((

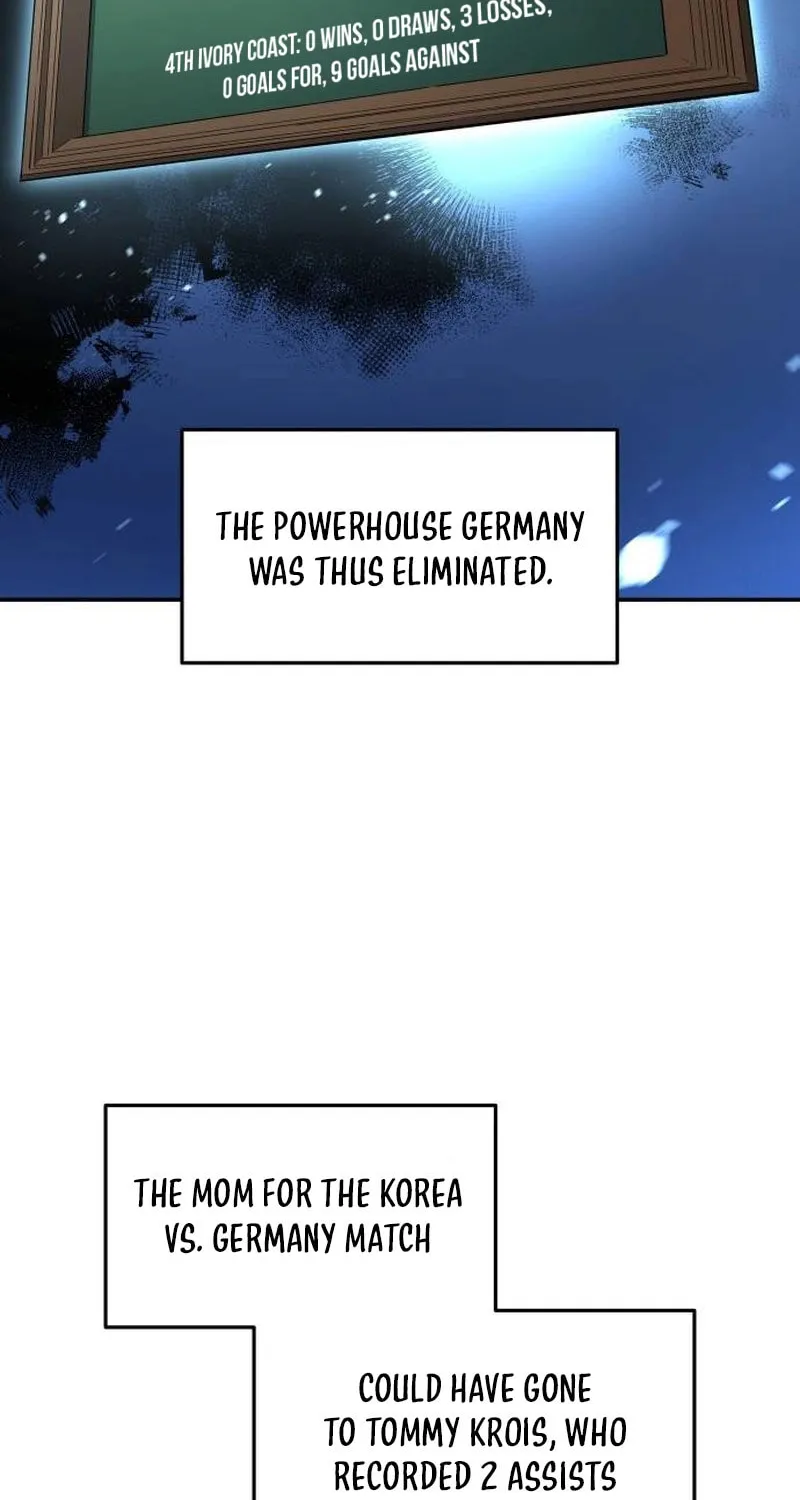 All Soccer Talents Are Mine Chapter 95 page 31 - 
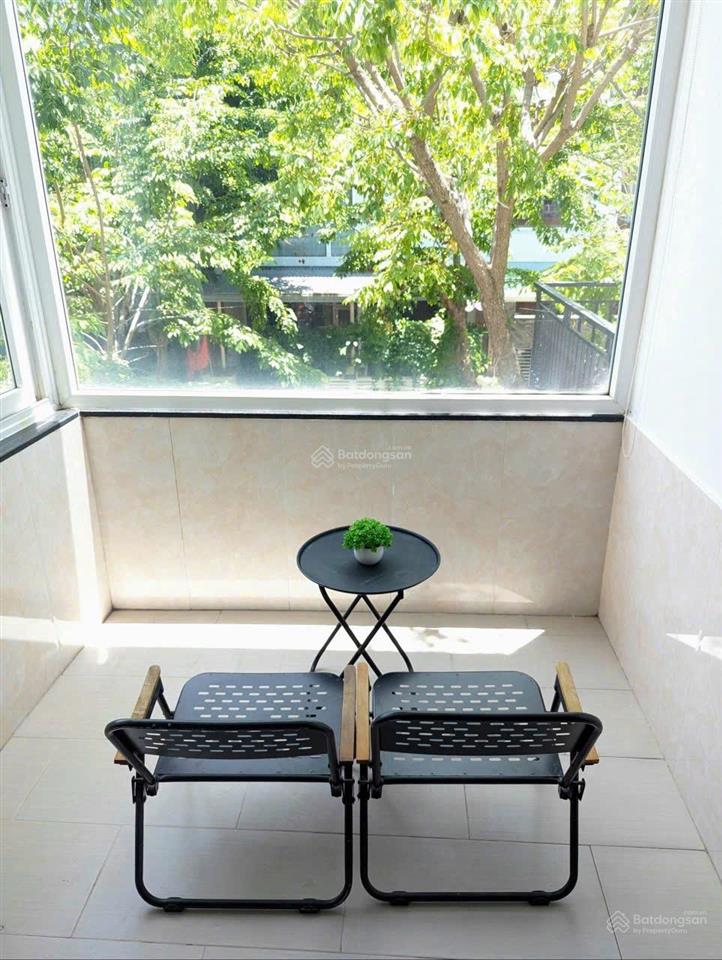 Bán homestay mặt tiền an cựu city  cách hoàng quốc việt 20m  full nội thất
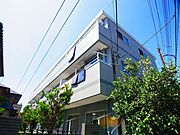 鎌ヶ谷大仏駅より徒歩10分 3階 築28年7ヶ月の賃貸物件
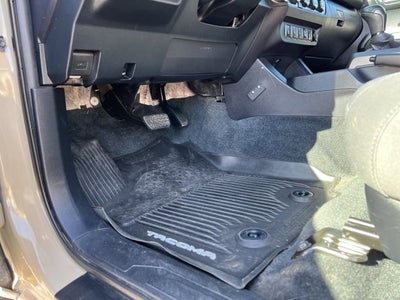 2016 Toyota Tacoma TRD Off Road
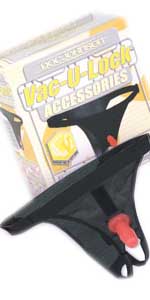 Ultra Harness 2 And Plug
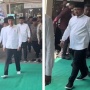 Ini Alasan Jokowi Dianggap Sosok yang Paling Beradab Dibanding Menteri Agama, Takziah ke Rumah Habib Lutfhi jadi Bukti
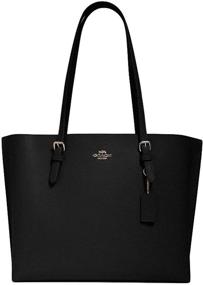 img 3 attached to 👜 1671 Coach Mollie Tote Bag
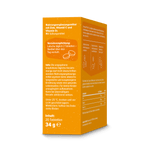 sanotact GmbH - Zink + C + D Lutschtabletten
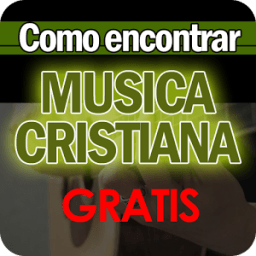 Encontrar Música Cristiana icon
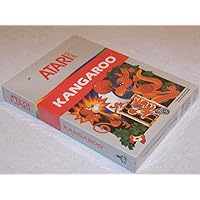 Kangaroo (Atari 2600)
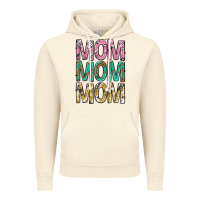 Vintage Artic mom mom mom mothers day Vintage Hoodie - texasbilliewilder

))

What you have to do ::
Only the lines from the one containing "Ini Alasan Jokowi" to the end of the listing belong in the answer, exactly as they stand and with no pictures.

Result for this task ::
 Ini Alasan Jokowi Dianggap Sosok yang Paling Beradab Dibanding Menteri Agama, Takziah ke Rumah Habib Lutfhi jadi Bukti
 img 3 attached to 👜 1671 Coach Mollie Tote Bag
 sanotact GmbH - Zink + C + D Lutschtabletten
 Encontrar Música Cristiana icon
 Kangaroo (Atari 2600)
 Vintage Artic mom mom mom mothers day Vintage Hoodie - texasbilliewilder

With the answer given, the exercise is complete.